After watching Dave's videos on using a spectrum analyzer with tracking generator and then "poor man's spectrum analyzer using a scope and signal generator", it got me wondering.  I don't really need high frequency nor real-time.  I want to characterize op-amp circuits generally below 100 MHz and definitely want closer to DC than the typical 9 kHz lower limit of most spectrum analyzers. 

Can I simply control both a Rigol DG4162 (160 MHz sig gen) and a Rigol DS4024 (200 MHz o-scope) with a computer and simply feed pure sine waves into my circuit under test and query the scope (again via the computer) for RMS amplitude and phase?  Run this all in a loop and then generate a mag/phase bode plot.

I have access to LabVIEW since I have a license from my employer.  This seems like a way for me to solve the frequency limits of a spectrum analyzer since I don't need GHz performance nor real-time display updates.  Down the road I could see picking up a 3 GHz analyzer if my hobby drifts in that direction.

I don't own either of those two pieces of equipment but had already planned on buying the Rigol DG4160 to go with my existing Rigol DS1102E.

[olsenn]

Spectrum Analyzers aren't typically used (and aren't made) for low frequency, large signal analysis. Most electronics operating at high frequencies (greater than 100MHz) are wireless; for this reason, spectrum analyzers are designed to show extremely small signals (<100dbm) and cannot be safely used for signals greater than 20-30 dbm of power. If you need to test radio transmitters then a good SA is a very useful tool.

If you just need to check the sub 100MHz cutoff frequencies of some filters etc. then your proposed method will work fine. The update rate will be very low, so don't expect to see quickly changing signals, and the frequency graph of most oscilloscopes (including the Rigol's) are not very linear, so don't expect much in the way of amplitude accuracy.
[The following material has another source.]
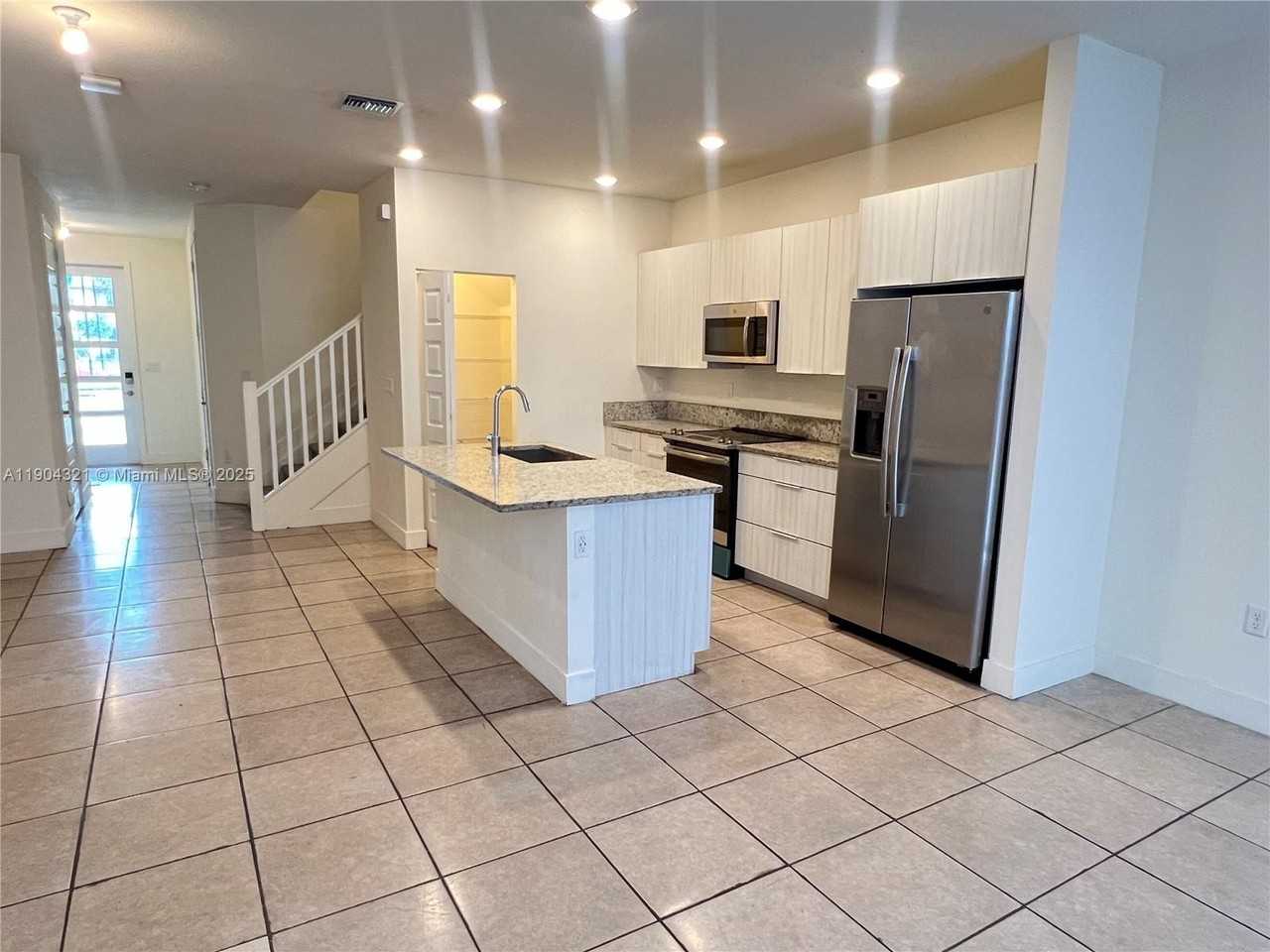 15861 Nw 90th Ct #15861 - Photo 4 of 31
I have no idea what the specs of it are (I imagine they're crappy) but you may be interested in the RF explorer boards sold by Seed Studio. They aren't exactly lab grade tools, but they're cheap and may be all you need (save for not displaying low frequencies).

Hope this helps

[amspire]

If you are after gain and phase, an oscilloscope will be fine. It is easy to check the scope for gain and phase differences by connecting the two probes together and attach to the generator and the match is often very good. You can measure any error, and use that to correct the results later.  You probably could to get excellent results with something like the Rigol 1102E as you are interested in relative measurements rather then absolute measurements. With the equivalent sampling mode, you can get great phase resolution with a fairly cheap scope.

You could do the whole automated programming-Labview thing, but unless you are testing hundreds of circuits, it is usually easier just reading the measurements from the scope, and typing them into a spreadsheet. When you do hands on testing, rather then automated testing, you see things that the automated test misses. Things like bursts of instability or waveform distortion.
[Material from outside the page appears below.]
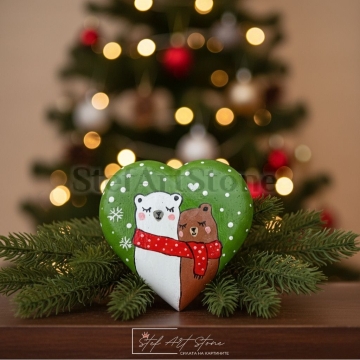 Коледна украса мечета с шал върху зелен фон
If you really want to automate it though, go for it.

[silicon_ghost]

You could do the whole automated programming-Labview thing, but unless you are testing hundreds of circuits, it is usually easier just reading the measurements from the scope, and typing them into a spreadsheet. When you do hands on testing, rather then automated testing, you see things that the automated test misses. Things like bursts of instability or waveform distortion.
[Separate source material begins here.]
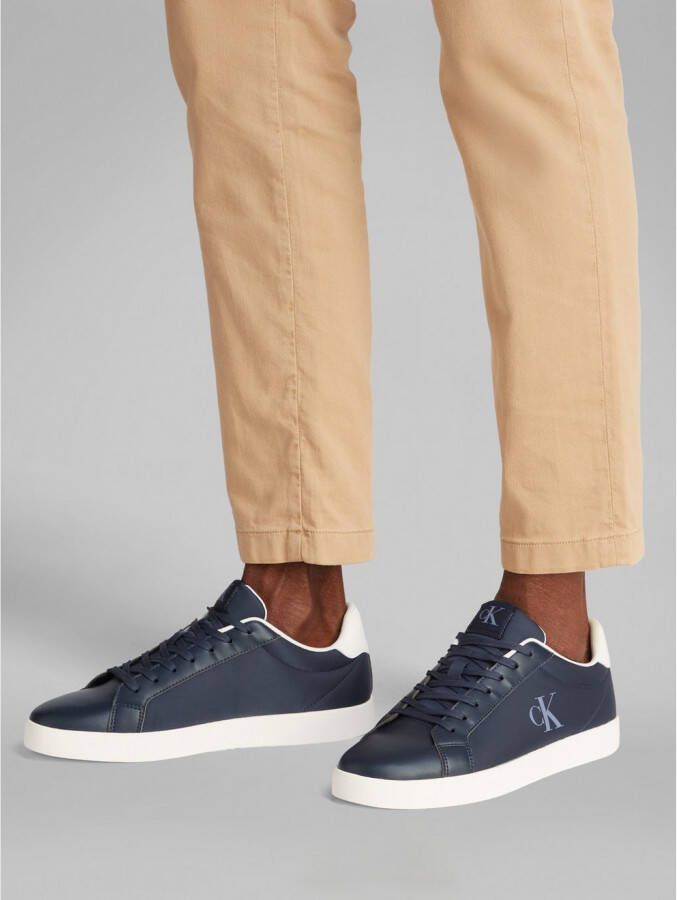 Calvin Klein Plateausneakers 3 CUPSOLE PU vrijetijdsschoen lage schoen veterschoen met gepolsterde schacht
If you really want to automate it though, go for it.

I understand your point.  My day job is analysis of (and writing the code necessary to analyze) time domain data and low frequency signals, under 100 kHz but usually less than 250 Hz.  I'm used to collecting highly over-sampled data and then having the leisure to slice and dice the data.  A pity my personal budget does not accommodate the same for my hobby. 

As a rough guess I should be able to test at least 1 discrete freq every 5 seconds based on some automation I've done with Agilent sig gens and arbitrary DACs at work.  In the work project, because we were able to save all the sampled data at full speed, I took a shortcut.  I used a LabVIEW math routine that could build an arbitrary waveform that contained tones spaced 1 Hz apart spanning from 1 Hz to 1 kHz and randomly phased in such a way as to ensure no clipping and minimal distortion.  It proved a quick way to determine the magnitude vs. frequency response of our system including all analog and digital filters.  A DSO may have a fast sample rate but it is blind too much of the time for that trick to work.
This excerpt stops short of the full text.